The Atlantic recommended a decidedly low-tech approach of storing beans in an aluminum or Mylar bag, such as those roasters use, and simply squeezing as much air as possible out before sealing it. However, beans could also be vacuum-sealed or, as the National Coffee Association USA recommended, stored in an airtight canister made of glass or ceramic. The container that your coffee came in isn't likely to cut it, according to the NCA, so you should spend a little extra on a jar with a tighter seal. Whatever container you use, make sure to keep it in a cool, dry and dark spot for the best chance that your beans will make it to the cup unscathed.
You've probably heard the saying that good things don't last forever, and that's certainly true of coffee. Beans begin to lose their freshness as soon as they're roasted, according to the NCA, and even the best container won't change that. Aim to use your coffee beans within two weeks of purchasing them and you'll be drinking the best brew you can get.
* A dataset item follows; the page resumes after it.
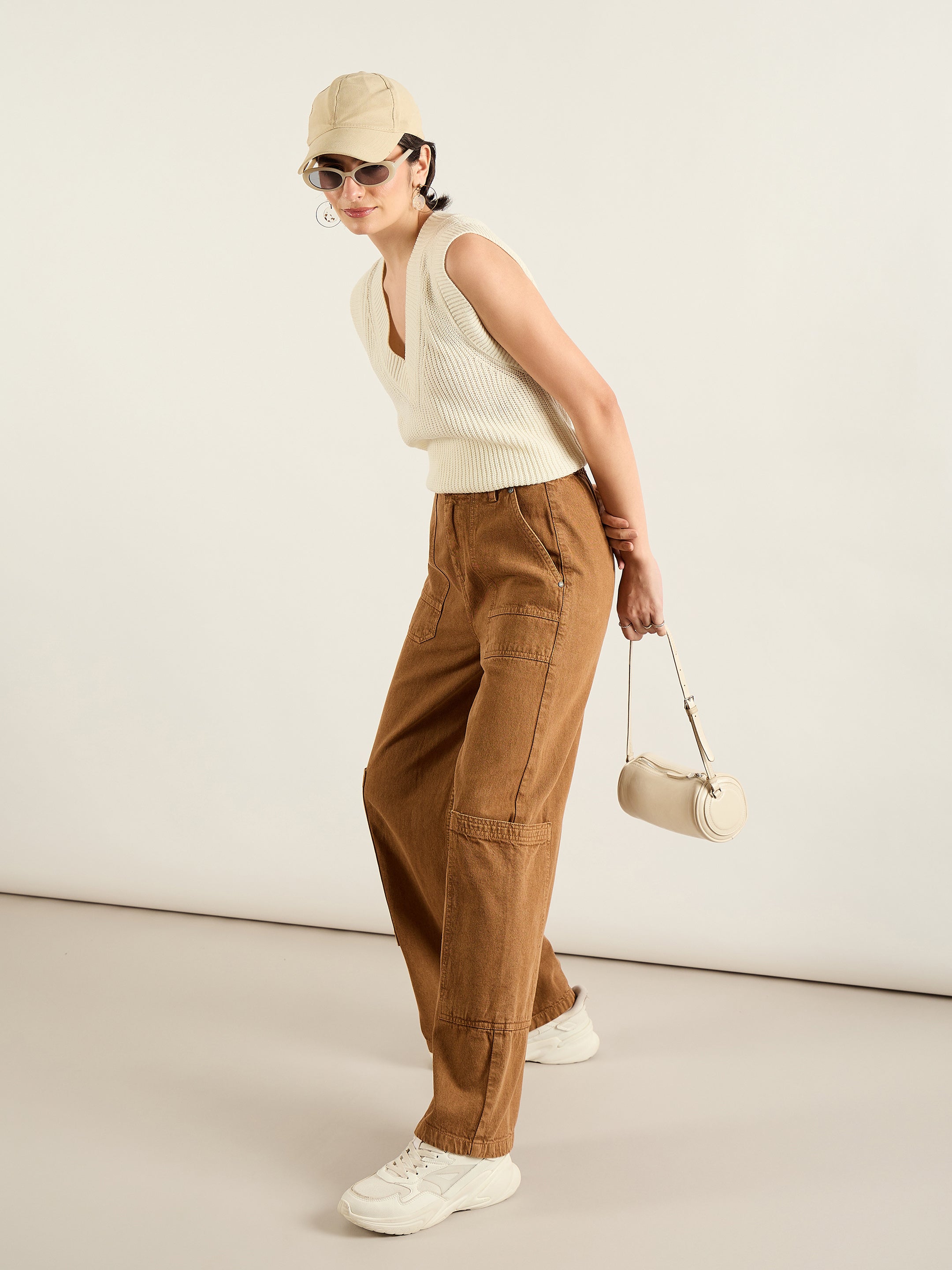 Women Brown Hem Pocket Cargo Jeans-SFJEAN0823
However, if you stumble upon a rare roast that you want to stock up on, then and only then should you store coffee beans in the freezer. Repeatedly freezing and heating coffee beans can do massive damage to them, so once you've removed beans from the freezer, don't put them back. If you have to use the freezer, separate your beans into weekly batches, seal them in airtight bags and then freeze them, removing only one week's supply at a time.